Doordat hij bovendien zelf een Marokkaanse Nederlander is, kan hij ook van binnenuit vertellen, wat het betekent om als moedertaalspreker van het Nederlands regelmatig gecomplimenteerd te worden over je Nederlands, of in het Engels aangesproken te worden omdat je er anders uitziet. Bij een promotie waar dr. Mourigh paranimf is, samen met een blonde Ierse vrouw:
De lange grijze mannen en een enkele grijze vrouw kwamen de houten trap af gelopen. Ik stond achter de kandidaat met de Ierse te keuvelen. De eerste professor feliciteerde de kandidaat. ‘Congratulations,’ zei hij. ‘Thank you, professor,’ antwoordde de kandidaat. Ik kreeg ook een hand: ‘Congratulations.’ En ik antwoordde netjes: ‘Thank you, professor.’ De professor feliciteerde de Ierse dame natuurlijk ook, maar tegen haar zei hij: ‘Gefeliciteerd,’ en zij antwoordde met een sterk Engels accent: ‘Dank u wel.’ Alle commissieleden volgden vervolgens hetzelfde patroon.

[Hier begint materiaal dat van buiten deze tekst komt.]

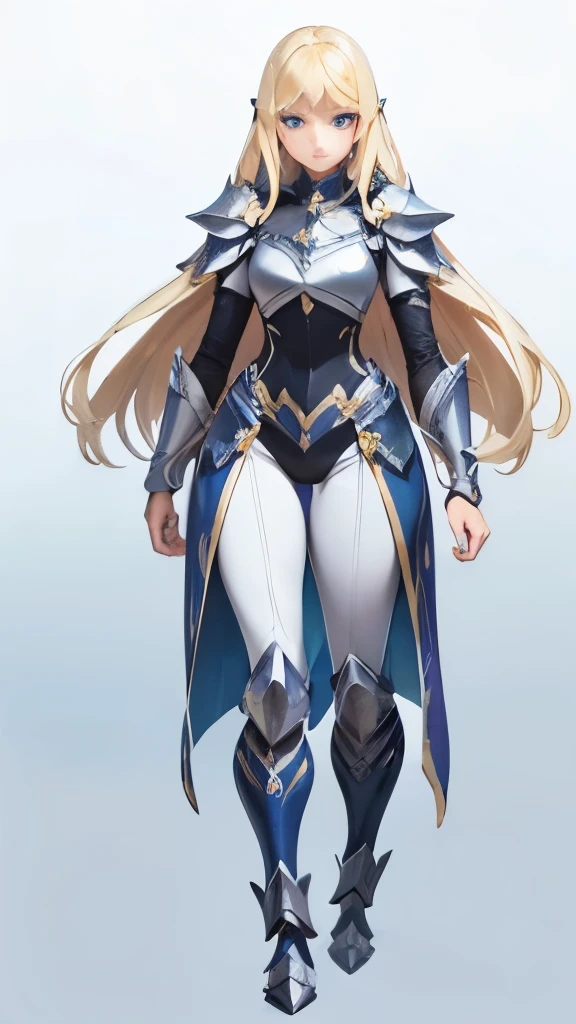 full body of fanatsy beautiful knight tall woman, blonde volumed gorgeous wavy long hair, parted bangs, blue vivid eyes, full platinum armour, her hair fluttered, long iron pants, clear face, highest quality, masterpiece, official arts, perfect anatomy, perfect face, matured woman, stunning beauty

Taal wordt gebruikt om mensen in een hoek te drukken. Taal zegt van alles over wie we willen zijn. Maar taal stelt ons ook in staat boeken te schrijven als Denkend aan Hollands.
Khalid Mourigh. Denkend aan Hollands. Wat taal zegt over wie we zijn. Cossee, 2025. Bestelinformatie bij de uitgever.